In this article, we are going to share the different methods on how to remove duplicates from an array in C#. In addition, we are going to compare these methods to check their performance.
Arrays contain multiple values of the same type. It’s a common occurrence to have some duplicate elements in an array. Although, in some cases, we want the elements to be unique.
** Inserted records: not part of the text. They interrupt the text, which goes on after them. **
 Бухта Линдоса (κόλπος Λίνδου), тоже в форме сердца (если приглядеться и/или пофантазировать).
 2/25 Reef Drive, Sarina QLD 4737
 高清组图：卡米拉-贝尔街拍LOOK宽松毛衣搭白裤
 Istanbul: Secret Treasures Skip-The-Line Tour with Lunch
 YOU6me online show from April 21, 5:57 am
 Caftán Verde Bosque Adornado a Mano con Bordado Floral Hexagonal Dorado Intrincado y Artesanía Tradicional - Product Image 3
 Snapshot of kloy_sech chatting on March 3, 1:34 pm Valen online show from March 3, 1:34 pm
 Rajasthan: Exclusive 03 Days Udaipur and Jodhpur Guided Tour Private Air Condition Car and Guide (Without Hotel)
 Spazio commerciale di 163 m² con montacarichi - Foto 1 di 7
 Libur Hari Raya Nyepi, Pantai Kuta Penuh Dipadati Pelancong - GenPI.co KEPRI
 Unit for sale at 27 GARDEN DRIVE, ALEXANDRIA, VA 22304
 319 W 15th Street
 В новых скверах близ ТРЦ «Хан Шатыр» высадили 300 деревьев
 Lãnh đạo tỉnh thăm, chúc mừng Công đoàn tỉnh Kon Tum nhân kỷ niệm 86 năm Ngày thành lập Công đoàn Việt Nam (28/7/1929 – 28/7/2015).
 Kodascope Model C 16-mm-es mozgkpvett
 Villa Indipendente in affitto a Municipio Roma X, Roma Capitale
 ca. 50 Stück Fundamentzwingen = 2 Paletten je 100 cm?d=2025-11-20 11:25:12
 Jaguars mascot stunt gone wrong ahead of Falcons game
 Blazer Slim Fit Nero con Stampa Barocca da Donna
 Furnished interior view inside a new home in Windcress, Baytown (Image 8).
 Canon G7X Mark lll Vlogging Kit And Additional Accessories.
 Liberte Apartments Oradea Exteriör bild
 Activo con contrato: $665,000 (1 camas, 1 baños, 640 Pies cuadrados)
We can achieve this manually or by using some of the .NET inbuilt methods.
Let’s start.
Remove Duplicates Using the LINQ Distinct Method
To begin with, let’s create an array containing some duplicate values. We will use this array for all the methods defined:
string[] arrayWithDuplicateValues = new string[] { "Lovely", "Lovely", "Boy", "Boy" };
For the duplicate values in our array, we can use the LINQ Distinct()
method to remove them:
// before: {"Lovely", "Lovely", "Boy", "Boy" } var distinctArray = arrayWithDuplicateValues.Distinct().ToArray(); // after: {"Lovely", "Boy" }
This is done by invoking the Distinct()
method on the array. The response is an enumerable object. ToArray()
converts the response to an array with unique values.
Remove Duplicates Using HashSet
HashSet is an unordered collection of a specific type. We can remove duplicates from an array by casting it to a HashSet
and then converting it back to an array:
var distinctArray = arrayWithDuplicateValues.ToHashSet().ToArray();
We use ToHashSet()
on the array to remove the duplicate values. The ToHashSet()
method returns an enumerable collection. ToArray()
will alter the response to an array.
Using the HashSet Constructor
Similarly, one of the constructors for HashSet
accepts any collection of values of a particular type:
var hashSet = new HashSet<T>(arrayWithDuplicateValues); var distinctArray = hashSet.ToArray();
By default, the compiler will eliminate the duplicate values while constructing the HashSet.
Remove Duplicates Using LINQ GroupBy and Select Method
Another way to remove duplicate elements in an array is by combining the GroupBy()
and Select()
methods:
var distinctArray = arrayWithDuplicateValues.GroupBy(d => d).Select(d => d.First()).ToArray();
We use GroupBy()
to organize the elements into groups, and then we select the first item from each of the groups and convert them to an array.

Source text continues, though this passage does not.